REQUIREMENT:
Below are the records; work out how many lines among them contain "dilution", and write nothing besides that number.

Segment Start: RECORDS SUPPLIED

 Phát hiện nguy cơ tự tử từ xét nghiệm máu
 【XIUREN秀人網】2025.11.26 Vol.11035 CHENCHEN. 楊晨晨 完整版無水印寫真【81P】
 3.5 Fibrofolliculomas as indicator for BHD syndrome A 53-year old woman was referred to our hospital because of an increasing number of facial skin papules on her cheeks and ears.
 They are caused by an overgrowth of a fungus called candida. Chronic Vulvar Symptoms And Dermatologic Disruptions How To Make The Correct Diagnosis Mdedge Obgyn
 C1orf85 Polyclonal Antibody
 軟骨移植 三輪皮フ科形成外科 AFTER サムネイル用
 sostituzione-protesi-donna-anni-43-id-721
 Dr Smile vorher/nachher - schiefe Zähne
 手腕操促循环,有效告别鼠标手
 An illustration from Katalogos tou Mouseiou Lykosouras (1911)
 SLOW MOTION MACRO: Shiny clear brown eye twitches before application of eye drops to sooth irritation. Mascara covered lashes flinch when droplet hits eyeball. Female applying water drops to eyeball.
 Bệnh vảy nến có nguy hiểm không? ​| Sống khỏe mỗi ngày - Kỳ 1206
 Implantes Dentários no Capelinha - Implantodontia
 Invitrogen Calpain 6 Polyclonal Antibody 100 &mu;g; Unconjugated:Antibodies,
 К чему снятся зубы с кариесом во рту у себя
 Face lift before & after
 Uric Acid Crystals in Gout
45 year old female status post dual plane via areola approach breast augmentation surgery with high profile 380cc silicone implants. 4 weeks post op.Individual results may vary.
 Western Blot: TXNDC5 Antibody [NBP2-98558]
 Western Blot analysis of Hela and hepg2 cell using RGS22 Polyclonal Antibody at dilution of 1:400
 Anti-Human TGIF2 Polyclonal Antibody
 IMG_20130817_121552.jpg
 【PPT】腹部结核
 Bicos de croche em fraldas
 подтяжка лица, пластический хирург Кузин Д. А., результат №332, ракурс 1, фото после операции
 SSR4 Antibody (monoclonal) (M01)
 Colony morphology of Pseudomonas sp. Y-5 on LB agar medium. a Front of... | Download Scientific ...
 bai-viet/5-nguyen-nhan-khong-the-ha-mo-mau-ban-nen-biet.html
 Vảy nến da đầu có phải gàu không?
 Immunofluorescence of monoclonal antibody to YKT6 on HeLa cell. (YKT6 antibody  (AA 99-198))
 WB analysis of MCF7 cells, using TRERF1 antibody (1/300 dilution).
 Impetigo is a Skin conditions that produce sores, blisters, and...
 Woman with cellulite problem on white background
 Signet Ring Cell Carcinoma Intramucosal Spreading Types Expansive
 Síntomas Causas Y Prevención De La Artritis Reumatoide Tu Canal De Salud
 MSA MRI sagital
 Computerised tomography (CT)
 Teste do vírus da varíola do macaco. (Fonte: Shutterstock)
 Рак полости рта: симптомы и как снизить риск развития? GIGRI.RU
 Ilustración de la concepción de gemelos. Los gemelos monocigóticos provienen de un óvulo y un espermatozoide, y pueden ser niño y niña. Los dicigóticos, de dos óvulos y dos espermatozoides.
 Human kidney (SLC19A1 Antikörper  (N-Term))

Segment End: RECORDS SUPPLIED

EXERCISE OUTPUT:
2